The best way to test your new DNS configuration is by updating your DNS settings on your local desktop or laptop to use your new server. Under macOS you'd perform this by:

  1. Run System Preferences from the  menu.
  2. Access the Network Preference Pane
  3. Select your active network adapter (probably Wi-Fi)
  4. Click Advanced...
  5. Select the DNS tab
  6. Delete any nameservers currently configured
  7. Add a new nameserver that is the IP address of your Synology
  8. Save your changes

Now you should be able to access your Synology using the new internal name.

If you'd prefer to test using Terminal then you'll want to use the dig command:

dig @[server] synology.example.com

Where [server] is the IP address of your Synology. If it's working you should get a response that looks like this:

macbook-pro:~ myaccount$ dig @192.168.100.20 synology.example.com

; <<>> DiG 9.8.3-P1 <<>> @192.168.100.20 synology.example.com
; (1 server found)
;; global options: +cmd
;; Got answer:
;; ->>HEADER<<- opcode: QUERY, status: NOERROR, id: 47089
;; flags: qr aa rd ra; QUERY: 1, ANSWER: 1, AUTHORITY: 1, ADDITIONAL: 1

;; QUESTION SECTION:
;synology.example.com.                IN      A

;; ANSWER SECTION:
synology.example.com. 86400   IN      A       192.168.100.20

You should have a valid DNS answer in your ANSWER SECTION, if you don't see the IP address portion then you may have an issue with your Zone file and you should take a look at the logs on the DNS Server application to resolve.

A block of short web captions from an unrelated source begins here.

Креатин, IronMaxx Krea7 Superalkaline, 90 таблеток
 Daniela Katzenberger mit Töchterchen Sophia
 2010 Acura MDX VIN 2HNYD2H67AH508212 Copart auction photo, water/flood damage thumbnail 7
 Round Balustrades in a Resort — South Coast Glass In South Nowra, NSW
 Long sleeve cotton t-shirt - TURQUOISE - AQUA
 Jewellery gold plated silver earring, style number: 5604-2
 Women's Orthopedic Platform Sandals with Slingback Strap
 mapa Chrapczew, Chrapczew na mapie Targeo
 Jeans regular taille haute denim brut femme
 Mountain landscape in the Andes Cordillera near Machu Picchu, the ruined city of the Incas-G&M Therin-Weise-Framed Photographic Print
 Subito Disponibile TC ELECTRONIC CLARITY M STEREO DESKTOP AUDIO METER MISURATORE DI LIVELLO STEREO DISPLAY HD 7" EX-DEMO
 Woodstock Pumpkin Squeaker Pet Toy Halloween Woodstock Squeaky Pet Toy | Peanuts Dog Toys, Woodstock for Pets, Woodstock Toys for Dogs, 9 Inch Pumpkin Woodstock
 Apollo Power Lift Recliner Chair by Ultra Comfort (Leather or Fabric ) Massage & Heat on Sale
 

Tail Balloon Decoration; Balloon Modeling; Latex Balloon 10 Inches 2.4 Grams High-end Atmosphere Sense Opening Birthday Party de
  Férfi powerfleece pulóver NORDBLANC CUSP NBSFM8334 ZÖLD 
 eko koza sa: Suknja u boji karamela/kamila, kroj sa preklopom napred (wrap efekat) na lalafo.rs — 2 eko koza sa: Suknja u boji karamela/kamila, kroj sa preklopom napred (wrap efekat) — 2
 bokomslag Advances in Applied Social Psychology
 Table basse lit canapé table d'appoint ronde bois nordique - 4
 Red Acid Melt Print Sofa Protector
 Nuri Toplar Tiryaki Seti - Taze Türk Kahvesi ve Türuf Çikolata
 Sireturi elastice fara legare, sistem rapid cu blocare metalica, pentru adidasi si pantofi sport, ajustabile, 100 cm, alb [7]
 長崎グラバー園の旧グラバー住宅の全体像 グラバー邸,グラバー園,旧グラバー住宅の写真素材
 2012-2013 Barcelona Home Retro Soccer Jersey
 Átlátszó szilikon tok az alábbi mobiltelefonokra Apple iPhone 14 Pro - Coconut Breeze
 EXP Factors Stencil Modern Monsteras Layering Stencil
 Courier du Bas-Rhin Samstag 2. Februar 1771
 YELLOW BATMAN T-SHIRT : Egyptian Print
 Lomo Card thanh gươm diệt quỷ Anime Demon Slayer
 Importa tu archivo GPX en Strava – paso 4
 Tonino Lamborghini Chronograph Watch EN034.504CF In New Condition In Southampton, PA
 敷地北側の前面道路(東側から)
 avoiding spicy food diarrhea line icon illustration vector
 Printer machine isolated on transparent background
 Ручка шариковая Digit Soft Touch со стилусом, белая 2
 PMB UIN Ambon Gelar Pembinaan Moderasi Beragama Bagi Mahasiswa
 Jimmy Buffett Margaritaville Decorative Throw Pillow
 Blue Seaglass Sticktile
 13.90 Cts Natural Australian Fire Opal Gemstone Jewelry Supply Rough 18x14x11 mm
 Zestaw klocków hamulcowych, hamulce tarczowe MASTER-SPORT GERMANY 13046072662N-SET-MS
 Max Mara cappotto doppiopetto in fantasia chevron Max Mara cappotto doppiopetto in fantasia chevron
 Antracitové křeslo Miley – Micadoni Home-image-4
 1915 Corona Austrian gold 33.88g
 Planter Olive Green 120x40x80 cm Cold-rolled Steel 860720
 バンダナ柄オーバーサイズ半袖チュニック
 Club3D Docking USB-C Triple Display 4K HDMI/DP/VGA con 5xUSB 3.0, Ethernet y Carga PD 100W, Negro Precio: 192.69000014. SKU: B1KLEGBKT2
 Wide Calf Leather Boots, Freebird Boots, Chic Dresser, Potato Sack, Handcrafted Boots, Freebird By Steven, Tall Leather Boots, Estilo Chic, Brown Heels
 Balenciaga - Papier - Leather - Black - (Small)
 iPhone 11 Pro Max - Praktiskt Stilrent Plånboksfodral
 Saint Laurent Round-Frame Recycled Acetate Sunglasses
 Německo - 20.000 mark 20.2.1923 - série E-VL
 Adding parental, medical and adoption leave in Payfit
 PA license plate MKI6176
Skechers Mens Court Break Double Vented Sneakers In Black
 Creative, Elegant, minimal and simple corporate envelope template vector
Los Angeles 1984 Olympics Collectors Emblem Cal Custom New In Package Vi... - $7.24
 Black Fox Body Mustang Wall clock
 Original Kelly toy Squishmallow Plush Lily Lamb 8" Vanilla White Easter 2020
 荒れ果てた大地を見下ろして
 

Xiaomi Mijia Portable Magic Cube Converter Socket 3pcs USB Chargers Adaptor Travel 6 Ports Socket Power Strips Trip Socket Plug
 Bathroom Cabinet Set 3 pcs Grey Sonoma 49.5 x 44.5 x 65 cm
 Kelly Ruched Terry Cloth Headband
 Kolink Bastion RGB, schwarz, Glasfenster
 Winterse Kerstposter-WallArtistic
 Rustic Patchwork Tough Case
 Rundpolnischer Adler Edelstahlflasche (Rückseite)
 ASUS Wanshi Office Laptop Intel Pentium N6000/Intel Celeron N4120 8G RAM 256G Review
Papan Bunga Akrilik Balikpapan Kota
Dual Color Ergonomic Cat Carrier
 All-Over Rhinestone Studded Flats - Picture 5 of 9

You can also test the reverse DNS as well:

macbook-pro:~ myaccount$ dig @192.168.100.20 20.100.168.192.in-addr.arpa PTR

; <<>> DiG 9.8.3-P1 <<>> @192.168.100.20 20.100.168.192.in-addr.arpa PTR
; (1 server found)
;; global options: +cmd
;; Got answer:
;; ->>HEADER<<- opcode: QUERY, status: NOERROR, id: 34498
;; flags: qr aa rd ra; QUERY: 1, ANSWER: 1, AUTHORITY: 1, ADDITIONAL: 1

;; QUESTION SECTION:
;20.100.168.192.in-addr.arpa.      IN      PTR

;; ANSWER SECTION:
20.100.168.192.in-addr.arpa. 86400 IN      PTR     synology.example.com.

You've now successfully configured DNS for forward and reverse lookups on your Synology. The only step left is to ensure that the IP address of your Synology is being configured on your internal hosts, which you'll do on your DHCP server.